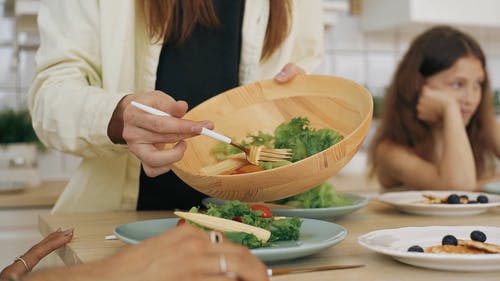 有关上菜, 健康食品, 健康饮食的免费素材视频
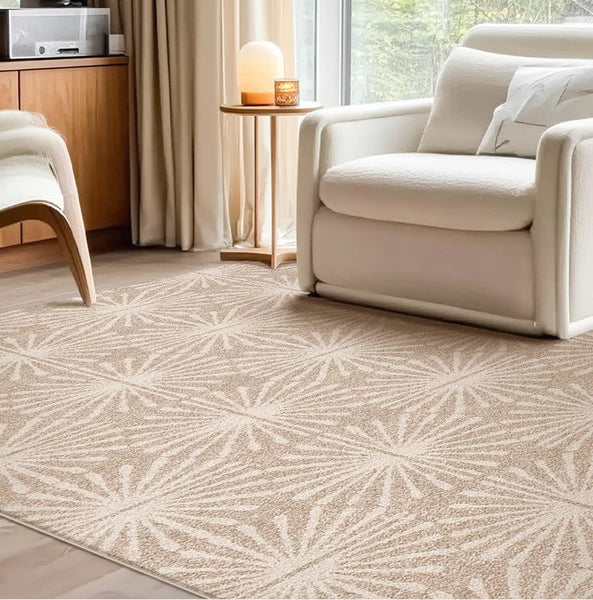 Unique Modern Rugs for Living Room, Modern Carpets for Office, Abstract Contemporary Rugs for Bedroom, Modern Area Rugs under Sofa, Dining Room Floor Rugs-ArtWorkCrafts.com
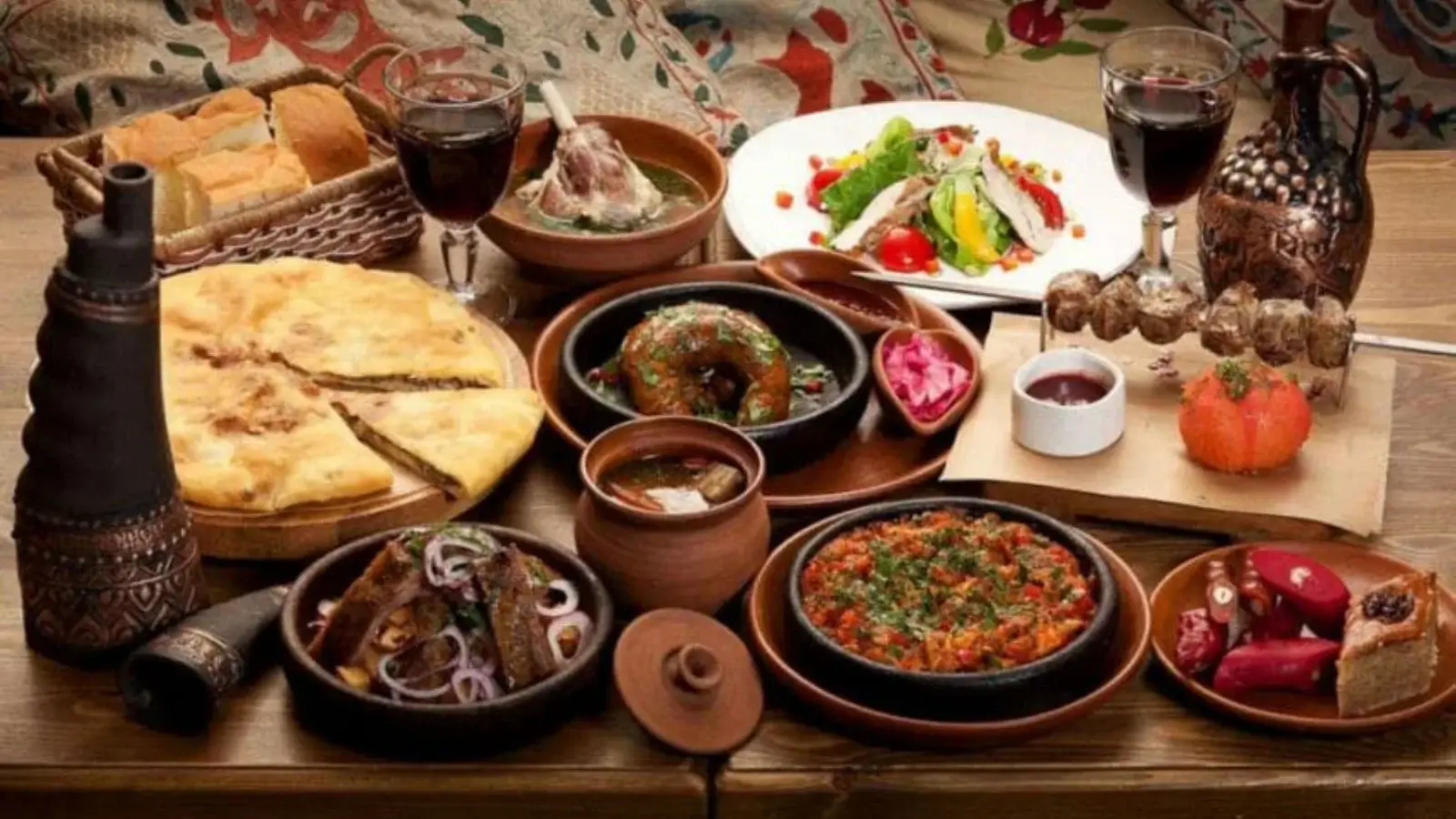 Әлемдік тағамдардың рейтингі: ең дәмді 10 ел анықталды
*****
## Task to carry out
Please reproduce, exactly and only, the lines from the line containing "Unique Modern Rugs" through the last line of the material above, minus any pictures.

## Completed task
 Unique Modern Rugs for Living Room, Modern Carpets for Office, Abstract Contemporary Rugs for Bedroom, Modern Area Rugs under Sofa, Dining Room Floor Rugs-ArtWorkCrafts.com
 Әлемдік тағамдардың рейтингі: ең дәмді 10 ел анықталды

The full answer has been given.